David Hughes (d. 1609), the founder of Beaumaris Grammar School, was born in a stable of Llantrisant, Anglesey. He may have been the David Hughes of county Caernarvon, b. 1561, who entered Gray's Inn from Magdalen College, Oxford, 28 January 1583 (Foster, Alumni. Oxon.; Gray's Inn Admission Register, 28 Jan 1582-3), but another account of him, contained in the papers of Christopher Wase (now held at Corpus Christi College, Oxford) states that he attended Magdalene College, Cambridge.
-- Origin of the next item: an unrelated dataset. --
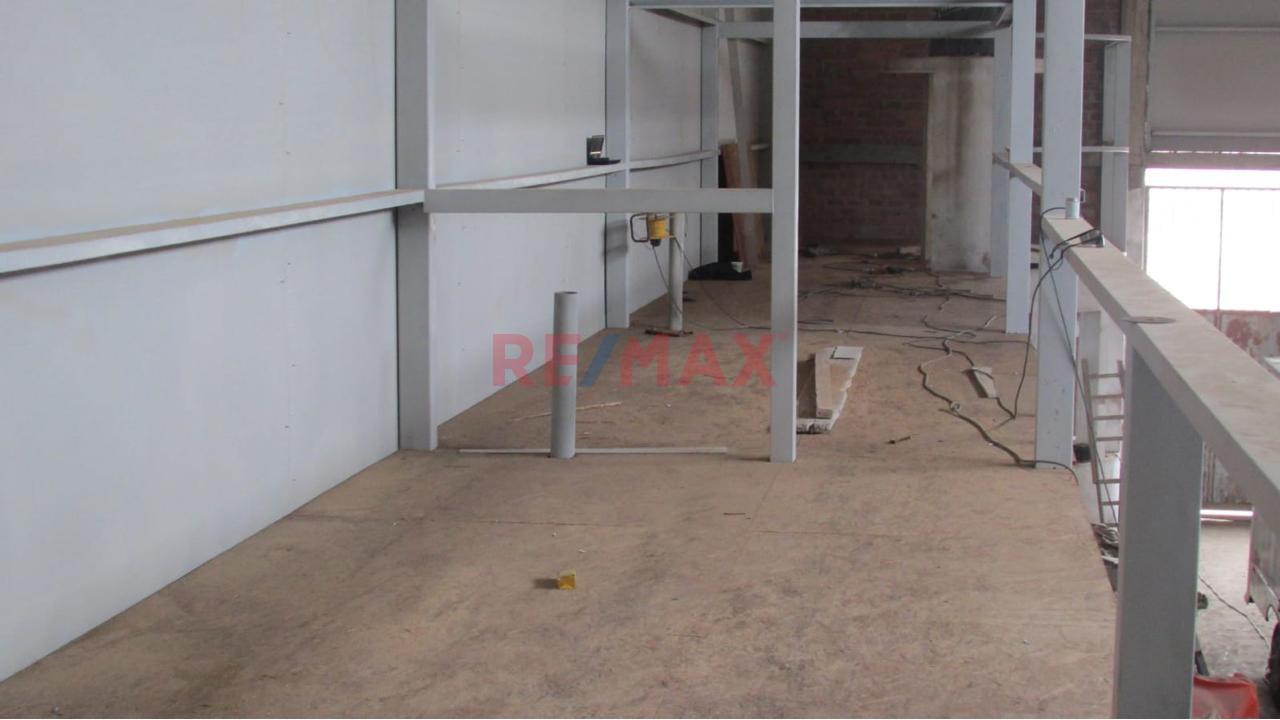 Casa Comercial En Villa El Savador — foto 13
He was appointed 'Tutor to a person of Qualitie who conferred upon him liberall Gratuities & settled upon him a Large Annuitie'. Hughes later lived in Norfolk and used his good fortune to build a 'considerable estate in money which afterwards hee left in his last Will & Testament for the Founding & Endowing of a Free School & Hospitall in & near Bowmaris [sic]'. Settling in Norfolk, he was appointed steward of the manor of Woodrising about 1596. In 1602 he procured a building in Beaumaris which was converted and opened as a Free Grammar School in 1603.

David Hughes's will, dated 30 December 1609, endowed the school and vested its administration in a body of feoffees (trustees) which he specified, should always include the Bishop of Bangor.He also laid down the terms on which "fellowships" (scholarships) should be established to enable deserving pupils to proceed directly from Beaumaris to the University of Oxford. In 1895 the management of the David Hughes charitable endowment (which had funded Beaumaris Grammar School) was transferred from the feoffees to Anglesey's new "County Governing Body" which now used the funds for the establishment of new county schools at Holyhead, Llangefni and Amlwch as well continuing to provide a proportion of funding for Beaumaris Grammar School.